====== Data listing
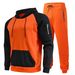 Men's Fleece-Lined Hoodie & Jogger Set - Heavyweight Winter Activewear For Outdoor & Casual Wear_viptrois.com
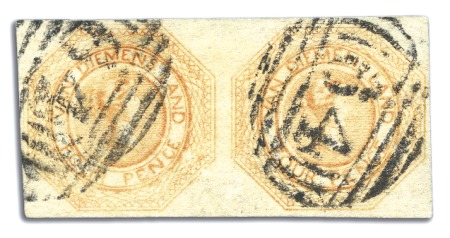 1853-54 Courier 4d orange, plate 2, intermediate i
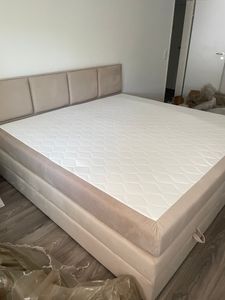 TRADA Prado Boxspringbett 160x200 Polsterbett mit Taschenmatratze 2 Bettkasten Schwarz Kunden-Foto 2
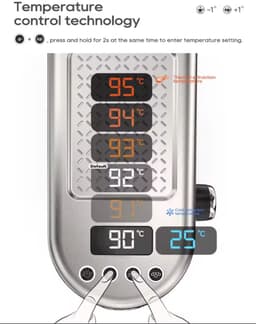 Halfautomatische Espressomachine-19 Bar Druk-Professionele Programmeerbare Functies-Optionele Programmabereik-Krachtig Stoomsysteem-Thermo Spiraal Verwarming Systeem & Warme Kopjes Functie — thumbnail 4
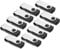 USB Sticks, AreTop 8GB Memory Stick 10 Pack, 2.0 8GB Flash Drive Thumb Drives Pen Drives, Swivel Design, with LED Indicator for Computer/Tablet/Laptop/Car/TV(10 Black With Lanyard)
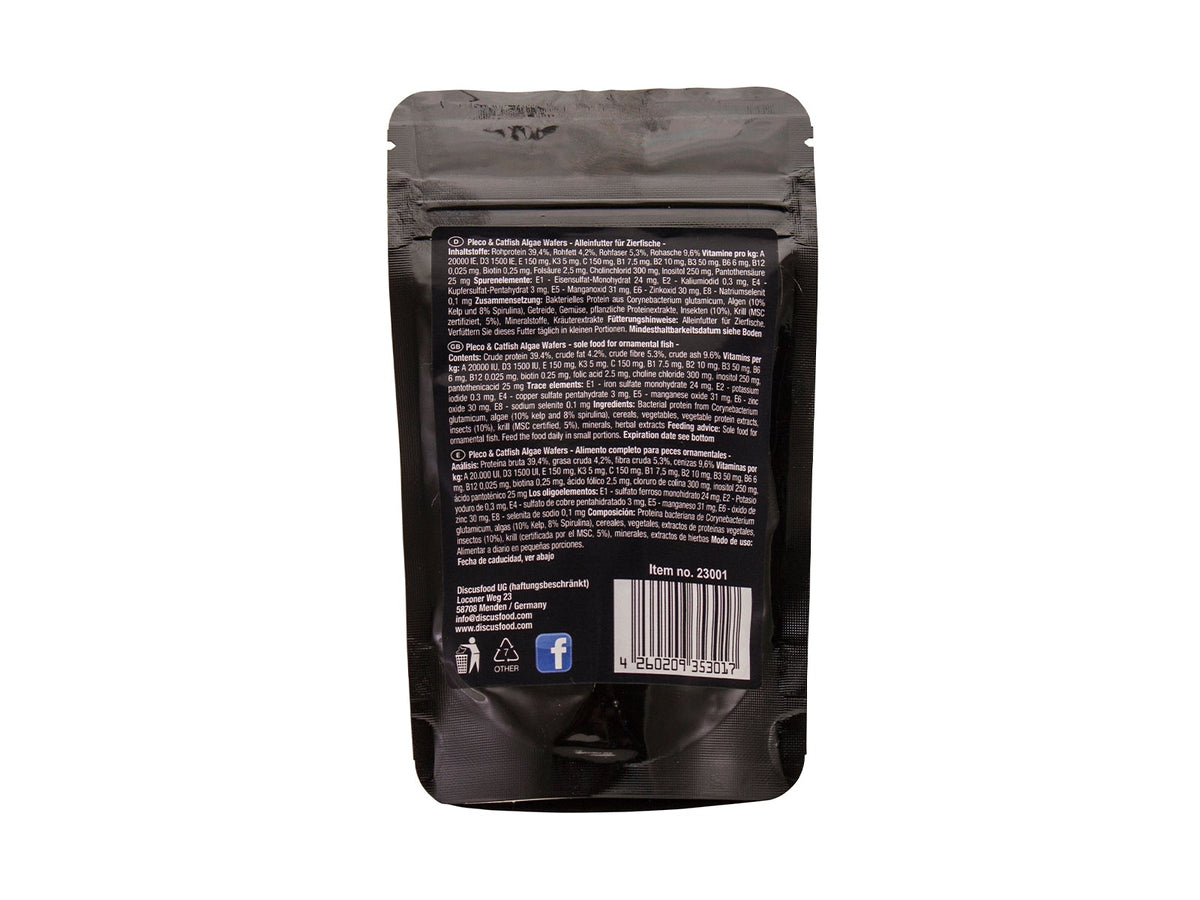 DiscusFood Pleco & Catfish Algae Wafers (Sinking Wafers) - (50/150g)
============
What you should do. Generate a word-for-word copy of the preceding records, excluding all pictures.

Task result.
 Men's Fleece-Lined Hoodie & Jogger Set - Heavyweight Winter Activewear For Outdoor & Casual Wear_viptrois.com
 1853-54 Courier 4d orange, plate 2, intermediate i
 TRADA Prado Boxspringbett 160x200 Polsterbett mit Taschenmatratze 2 Bettkasten Schwarz Kunden-Foto 2
 Halfautomatische Espressomachine-19 Bar Druk-Professionele Programmeerbare Functies-Optionele Programmabereik-Krachtig Stoomsysteem-Thermo Spiraal Verwarming Systeem & Warme Kopjes Functie — thumbnail 4
 USB Sticks, AreTop 8GB Memory Stick 10 Pack, 2.0 8GB Flash Drive Thumb Drives Pen Drives, Swivel Design, with LED Indicator for Computer/Tablet/Laptop/Car/TV(10 Black With Lanyard)
 DiscusFood Pleco & Catfish Algae Wafers (Sinking Wafers) - (50/150g)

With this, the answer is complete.